The Second Circuit’s reasoning in Di Maria has not been universally adopted. In United States v. Cianci, for example, the First Circuit affirmed exclusion of the defendant’s taped statements offered pursuant to Rule 803(3) based in part on an apparent lack of trustworthiness. The defendant, former Mayor of Providence, Rhode Island, had been charged with more than three dozen counts related to an alleged public corruption scandal. During the course of the investigation, the defendant spoke to an undercover agent posing as a businessman who had contacted him to request a city contract. Referring the agent to another person in his administration, the defendant stated that “[n]o one will ask you for a thing” and “[if] anybody does . . . I’ll . . . have him arrested.” The defendant argued that his statements, made during the period of time the charged conduct allegedly took place, reflected his state of mind and were admissible to prove his intolerance for corruption and his lack of criminal intent. The trial court excluded the statements, concluding that they applied at least in part to past acts of the defendant’s administration and were “to a large extent ‘self-serving’ attempts to cover tracks already made.” The court’s finding that the statements were not wholly contemporaneous with the conduct at issue was central to its determination that the statements were unreliable and should be excluded. In affirming the decision, the appellate court notes that “[s]uch observations are well-established grounds for non-admission.”
Because email is such a prevalent form of communication in our world today, it can be a great resource for establishing an individual’s intent or for challenging circumstantial evidence of a culpable state of mind. Even with the limitations imposed on admissibility pursuant to Rule 803(3), email correspondence may offer a means for explaining a client’s actions and for helping jurors construct a narrative that supports a more favorable theory of the case.
Every truth has two sides; it is as well to look at both, before we commit ourselves to either. – Aesop
The exceptions described above allow for the affirmative presentation of email evidence, but evidence entered by an opposing party can also provide a trigger for admission of otherwise inadmissible hearsay. A party may, for example, introduce prior consistent statements to rebut cross examination that suggests the witness is providing false or misleading testimony. Alternatively, admission of a written or recorded statement by one party may allow for introduction by an opposing party of another part of the same statement or another written or recorded statement “that in fairness ought to be considered at the same time.” When damaging email evidence is offered by an adverse party, these rules can provide effective means for giving the fact-finder a fuller picture and putting harmful evidence into context.
The first of these is Rule 801(d)(1)(B), which allows for admission of prior consistent statements.

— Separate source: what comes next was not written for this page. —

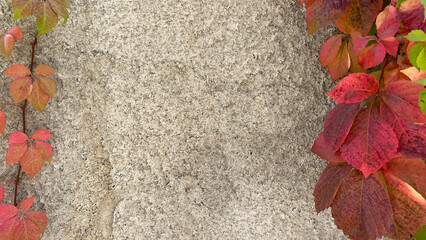 Colorful autumn leaves climbing on a textured wall, outdoors in natural light. Ideal for seasonal...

It applies when a witness is impeached on cross examination, raising questions about the credibility of their testimony. Counsel can then offer evidence regarding out-of-court statements made prior to the time that the supposed motive to lie arose to corroborate the witness’s in-court testimony. Importantly, the foundational requirements that the witness is first impeached by an express or implied charge of recent fabrication or improper motive and that the prior statement was made before the existence of the motive to fabricate are strictly applied. When these situations do arise, emails can provide powerful documentary evidence that not only restores a key witness’s credibility but also puts before the fact-finder evidence that may not otherwise be admissible.
Beneficial email evidence may also be admitted pursuant to the “opened door” rationale. Though often confused with Rule 801(d)(1)(B), it is a separate but related doctrine that allows a party to introduce an entire out-of-court statement once an adversary introduces only a portion for purpose of impeachment. This doctrine applies to both written and oral out-of-court statements offered as evidence at trial. Thus, for a witness impeached with a prior inconsistent statement, it is sufficient that the reminder of the document or statement from which the impeachment evidence was drawn has “significant probative force bearing on credibility apart from mere repetition” and “place[s] the inconsistencies . . . in a broader context, demonstrating that the inconsistencies were a minor part of an otherwise consistent account.” unlike Rule 801(d)(1)(B), however, the witness need not be impeached “by an express or implied charge of recent fabrication or improper motive.” Thus, an entire email chain may be admissible if an opposing party uses only a portion for an impeachment purpose, thereby creating a misimpression regarding its significance. An “opposing party may not pick and choose among prior statements to create an appearance of conflict and then object when this appearance is rebutted by means of a fuller version of the same prior statements.” Of course, only the remaining portion of the statement that clarifies or provides necessary context for the portion used for impeachment is admissible pursuant to the opened door rationale. Any other portion would only be admissible if it fit within another exception or if relevant for a purpose other than to prove the matter asserted.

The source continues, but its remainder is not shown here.